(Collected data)

== Segment start ==

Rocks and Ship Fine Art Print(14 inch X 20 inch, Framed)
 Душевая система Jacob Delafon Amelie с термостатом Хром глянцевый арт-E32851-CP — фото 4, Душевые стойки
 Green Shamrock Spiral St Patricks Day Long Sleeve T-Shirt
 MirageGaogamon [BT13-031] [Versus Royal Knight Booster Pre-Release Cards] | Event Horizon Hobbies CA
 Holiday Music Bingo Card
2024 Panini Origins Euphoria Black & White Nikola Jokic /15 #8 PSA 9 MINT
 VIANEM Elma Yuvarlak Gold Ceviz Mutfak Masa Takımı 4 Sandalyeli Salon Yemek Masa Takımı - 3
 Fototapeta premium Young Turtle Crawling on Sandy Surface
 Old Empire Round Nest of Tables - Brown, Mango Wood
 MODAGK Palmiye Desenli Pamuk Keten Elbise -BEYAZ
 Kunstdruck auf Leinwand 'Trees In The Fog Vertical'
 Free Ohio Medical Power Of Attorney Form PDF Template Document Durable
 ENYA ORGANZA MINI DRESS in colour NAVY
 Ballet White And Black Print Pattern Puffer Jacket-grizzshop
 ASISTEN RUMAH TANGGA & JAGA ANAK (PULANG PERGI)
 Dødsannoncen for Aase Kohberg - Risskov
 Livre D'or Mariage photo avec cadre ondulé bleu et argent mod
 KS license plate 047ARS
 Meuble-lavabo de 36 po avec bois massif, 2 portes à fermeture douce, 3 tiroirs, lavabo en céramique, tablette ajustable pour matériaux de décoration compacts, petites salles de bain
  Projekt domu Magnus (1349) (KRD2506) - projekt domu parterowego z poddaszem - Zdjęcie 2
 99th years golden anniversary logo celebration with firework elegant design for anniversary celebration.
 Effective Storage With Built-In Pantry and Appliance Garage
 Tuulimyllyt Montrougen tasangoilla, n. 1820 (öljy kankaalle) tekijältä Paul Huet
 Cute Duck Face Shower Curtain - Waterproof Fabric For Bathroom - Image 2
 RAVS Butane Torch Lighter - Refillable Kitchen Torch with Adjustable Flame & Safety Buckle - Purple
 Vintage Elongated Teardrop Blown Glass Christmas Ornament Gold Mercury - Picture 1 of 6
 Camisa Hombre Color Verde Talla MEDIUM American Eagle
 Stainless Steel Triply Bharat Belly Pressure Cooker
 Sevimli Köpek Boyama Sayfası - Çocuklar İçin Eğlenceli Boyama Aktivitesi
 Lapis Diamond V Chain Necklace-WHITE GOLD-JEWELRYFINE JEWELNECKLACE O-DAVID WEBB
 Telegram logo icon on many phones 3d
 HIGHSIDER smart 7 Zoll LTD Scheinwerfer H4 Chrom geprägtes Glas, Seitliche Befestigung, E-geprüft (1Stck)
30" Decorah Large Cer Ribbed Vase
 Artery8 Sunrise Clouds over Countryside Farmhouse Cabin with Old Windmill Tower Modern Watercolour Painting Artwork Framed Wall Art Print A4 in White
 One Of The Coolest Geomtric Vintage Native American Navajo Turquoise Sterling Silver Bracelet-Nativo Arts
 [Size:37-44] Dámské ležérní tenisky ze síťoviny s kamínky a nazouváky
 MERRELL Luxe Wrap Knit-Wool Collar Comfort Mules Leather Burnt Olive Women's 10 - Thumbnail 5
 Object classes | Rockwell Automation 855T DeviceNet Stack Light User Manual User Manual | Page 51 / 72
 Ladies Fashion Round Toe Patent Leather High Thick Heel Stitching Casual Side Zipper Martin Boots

== Segment end ==

• **Problem to solve**: Among the lines above, list those that contain the word "Print".

• **Response area**:
Rocks and Ship Fine Art Print(14 inch X 20 inch, Framed)
 Ballet White And Black Print Pattern Puffer Jacket-grizzshop
 Artery8 Sunrise Clouds over Countryside Farmhouse Cabin with Old Windmill Tower Modern Watercolour Painting Artwork Framed Wall Art Print A4 in White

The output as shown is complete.